Our class, just like the many facets of life we come from of course also have many different thoughts on all these topics. What I love most about our class is that we have never raised our voices, never once has anyone stormed out, not once has someone even gotten mad at another member. And no it’s not because we are at church, believe me, I sit on enough committees, we can get mad at each other! Our discussions are civilized, our disagreements are validated. Not once have we ever changed each other’s minds, but there have certainly been times when a discussion has explained why we believe the thing we do. I love this class most because it gives me a glimpse of what life could be like outside the church walls. That it is possible to have a civilized discussion about opinions and not be rude and angry.
How do we change?
How do we get to progression? We must work on it. We all have to take the time to climb down off our high horses and realize that no one has the correct answer! There is no book that tells society what the right answer is. Many of us, myself included, live our life by the Holy Bible. I strive each and every day to be more like Jesus. I try to raise my kids to live their lives according to His word. But no matter how many scriptures and devotions I read, no matter how many bible groups I am in, I still can’t find the answer to life except one word: LOVE!

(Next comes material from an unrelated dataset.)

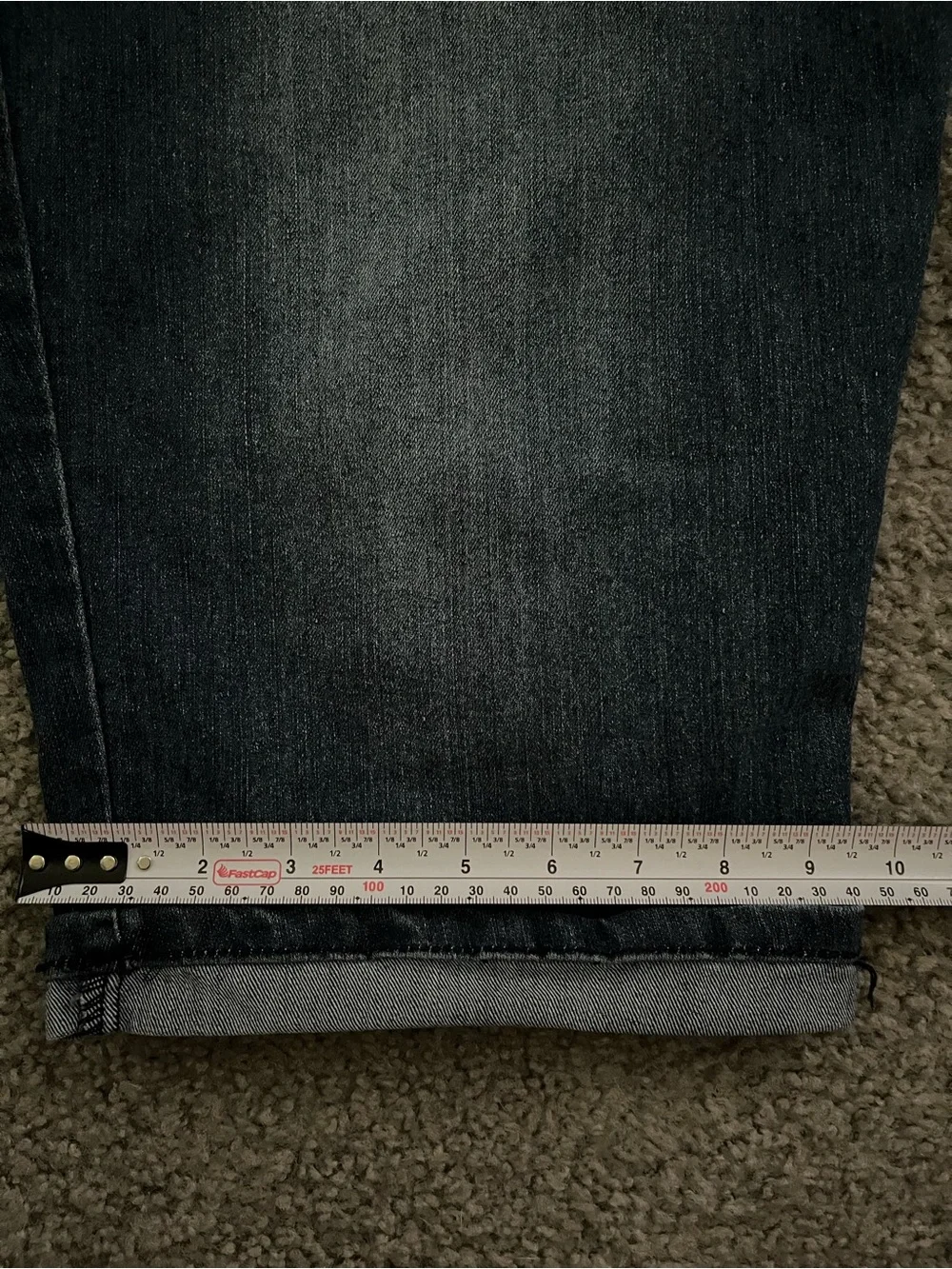 Baccini Blue Stretch Denim Shorts Size 18W - Picture 6 of 7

And when we are arguing with our neighbor, we are not showing an ounce of love! When we are sitting around our Thanksgiving table with family we only see once a year, talking about politics, if we are arguing and not listening to each other we aren’t showing love. Besides, isn’t that part of the 10 commandments: Thou shalt not talk about politics with family?)
Many times, when I find myself having a discussion (I refuse to fight over politics and life choices) with someone who doesn’t have the same beliefs as myself, I find that they have a reason for the beliefs they have. The next time you post about your beliefs on Facebook, ask yourself why are you doing what you are doing. That post is one-sided and you aren’t reaching out to anyone; you aren’t listening and having a conversation.
Try to be the change
Join with me and climb down off your podium because your beliefs are no better than mine. Who said that every decision you made in life, that every belief and value you carry is the right one? And your neighbor is wrong. Accept everyone, their beliefs, listen to your neighbor and have a discussion. At the end of the conversation, you don’t have to change your mind and they don’t have to agree with you, but you can agree to disagree and maybe even learn something from them along the way. We live in a world full of amazing people, too many for all of us to be so divided and filled with hate and anger. Begin to be the change and create a movement that we are proud to leave the next generation.